Cuando ganó la calle, debían ser las 10 o las 11 de la mañana y la temperatura todavía era fresca. Aunque su calle era peatonal, supuso que a nadie le importaría que fuera en bici por allí, de todas maneras, era sábado, y todavía era pronto, apenas se cruzó con algunas personas.

Se puso por fin al manillar de la bici. Para su sorpresa, se acordaba de casi todo. Con la ayuda de la pequeña pendiente de la calle, se dejó caer y pudo mantener el equilibrio. Recordó que la palanca derecha era el freno trasero y la izquierda el delantero. Desde luego, aquella bici frenaba mucho mejor que la bicicleta de paseo plegable con la que había aprendido a ir en bici.
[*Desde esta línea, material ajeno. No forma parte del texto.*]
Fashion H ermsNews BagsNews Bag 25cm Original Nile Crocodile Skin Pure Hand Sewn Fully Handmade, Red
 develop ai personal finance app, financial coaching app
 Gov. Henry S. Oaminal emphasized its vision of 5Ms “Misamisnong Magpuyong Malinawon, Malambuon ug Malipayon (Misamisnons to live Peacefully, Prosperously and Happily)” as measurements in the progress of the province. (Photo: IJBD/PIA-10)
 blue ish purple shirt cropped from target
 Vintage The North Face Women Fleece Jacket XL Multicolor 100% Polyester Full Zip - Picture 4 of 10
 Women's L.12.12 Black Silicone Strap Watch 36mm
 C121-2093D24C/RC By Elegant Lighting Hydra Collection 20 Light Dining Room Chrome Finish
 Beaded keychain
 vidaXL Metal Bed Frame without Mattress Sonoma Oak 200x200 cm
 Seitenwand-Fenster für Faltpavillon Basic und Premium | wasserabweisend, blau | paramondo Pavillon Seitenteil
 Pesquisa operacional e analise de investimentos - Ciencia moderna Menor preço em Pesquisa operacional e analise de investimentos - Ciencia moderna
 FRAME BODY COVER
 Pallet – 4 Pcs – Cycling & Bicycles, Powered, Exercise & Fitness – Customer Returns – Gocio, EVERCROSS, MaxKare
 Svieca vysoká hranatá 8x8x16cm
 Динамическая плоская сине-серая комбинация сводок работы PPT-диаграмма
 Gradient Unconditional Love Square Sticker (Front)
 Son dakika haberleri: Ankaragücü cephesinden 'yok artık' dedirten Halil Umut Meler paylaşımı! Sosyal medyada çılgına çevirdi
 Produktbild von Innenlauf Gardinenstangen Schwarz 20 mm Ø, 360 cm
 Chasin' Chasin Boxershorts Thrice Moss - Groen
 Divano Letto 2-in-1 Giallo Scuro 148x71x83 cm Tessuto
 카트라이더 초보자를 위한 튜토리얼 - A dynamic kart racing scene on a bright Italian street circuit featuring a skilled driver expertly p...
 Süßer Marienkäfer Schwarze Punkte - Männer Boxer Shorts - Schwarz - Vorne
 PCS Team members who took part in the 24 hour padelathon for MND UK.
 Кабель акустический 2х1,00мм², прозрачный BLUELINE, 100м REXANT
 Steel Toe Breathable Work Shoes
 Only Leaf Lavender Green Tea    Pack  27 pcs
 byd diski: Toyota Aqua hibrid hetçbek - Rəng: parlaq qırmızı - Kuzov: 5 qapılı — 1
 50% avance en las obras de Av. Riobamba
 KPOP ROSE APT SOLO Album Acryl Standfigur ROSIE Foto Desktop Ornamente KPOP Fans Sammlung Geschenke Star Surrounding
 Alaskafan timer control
Mientras pedaleaba recordó lo que había escuchado en el vídeo con las instrucciones de montaje de la bici. "Una bicicleta singlespeed, es decir, con una sola marcha, es ideal para pequeños trayectos urbanos, si no hay grandes desniveles. Por su simplicidad, nos hace reencontrarnos con el ciclismo más puro, más simple, sin complicaciones".

Entonces se le puso la piel de gallina. Estaba viva. Se dio cuenta de que, mientras montaba aquella bici tan nueva y tan rara, pero a la vez tan bonita, no había tenido ganas de morirse. Sin duda era un buen comienzo.